[Task brief] Leave out every picture, and restate word for word only the lines from the one containing "Daisy - Purple - Style B - Yard Card" through the end of the material.

[Dataset]
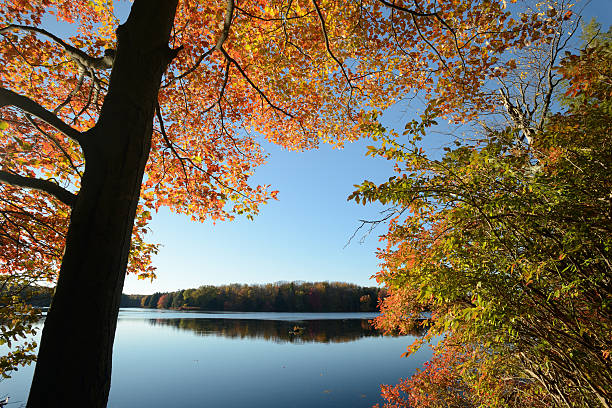 istock Fall Colors at Promised Land State Park 524879823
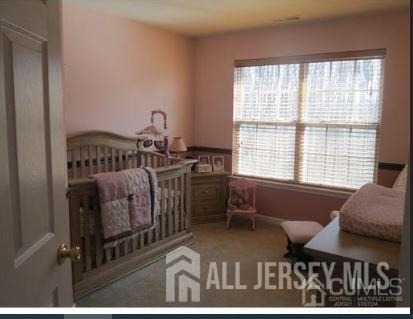 1056 Morning Glory Drive - Photo 5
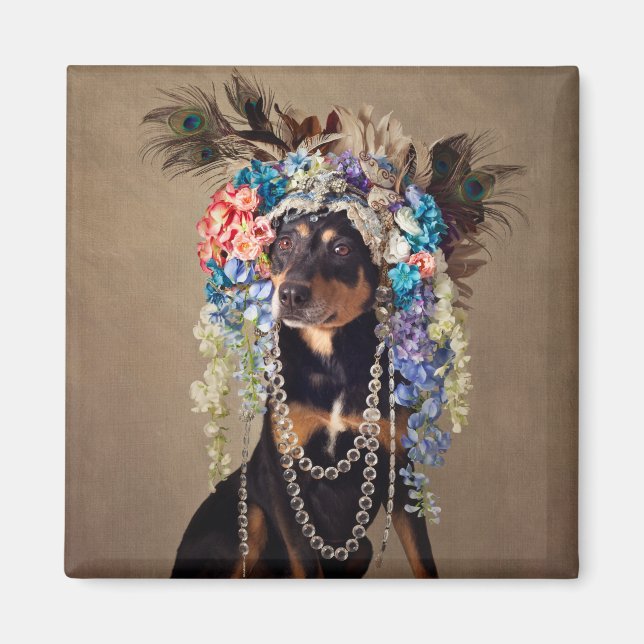 Projektet Shelter Pets - Midnatt Magnet (Framsidan)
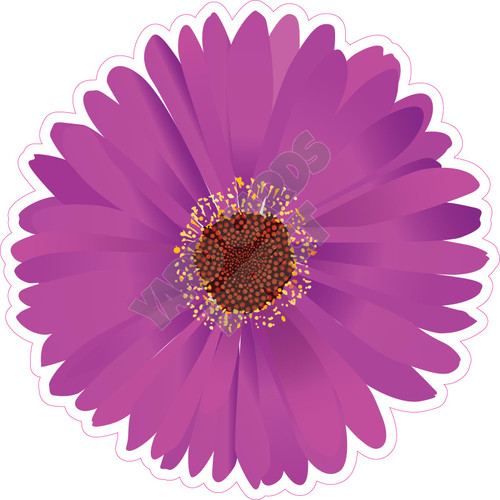 Daisy - Purple - Style B - Yard Card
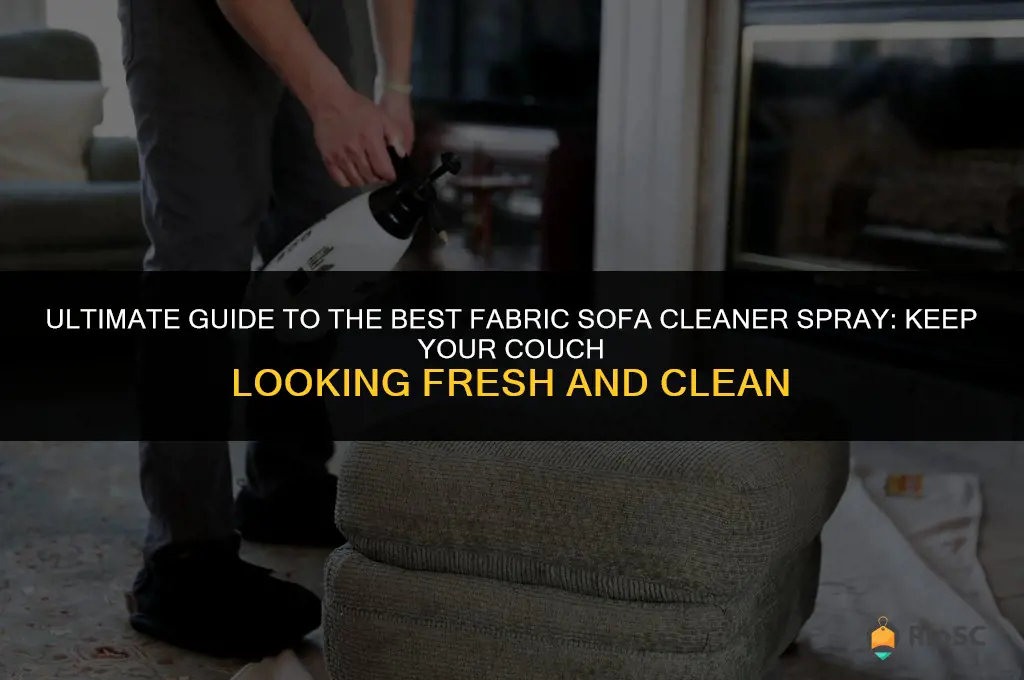 best fabric sofa cleaner spray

[Answer to this problem]
 Daisy - Purple - Style B - Yard Card
 best fabric sofa cleaner spray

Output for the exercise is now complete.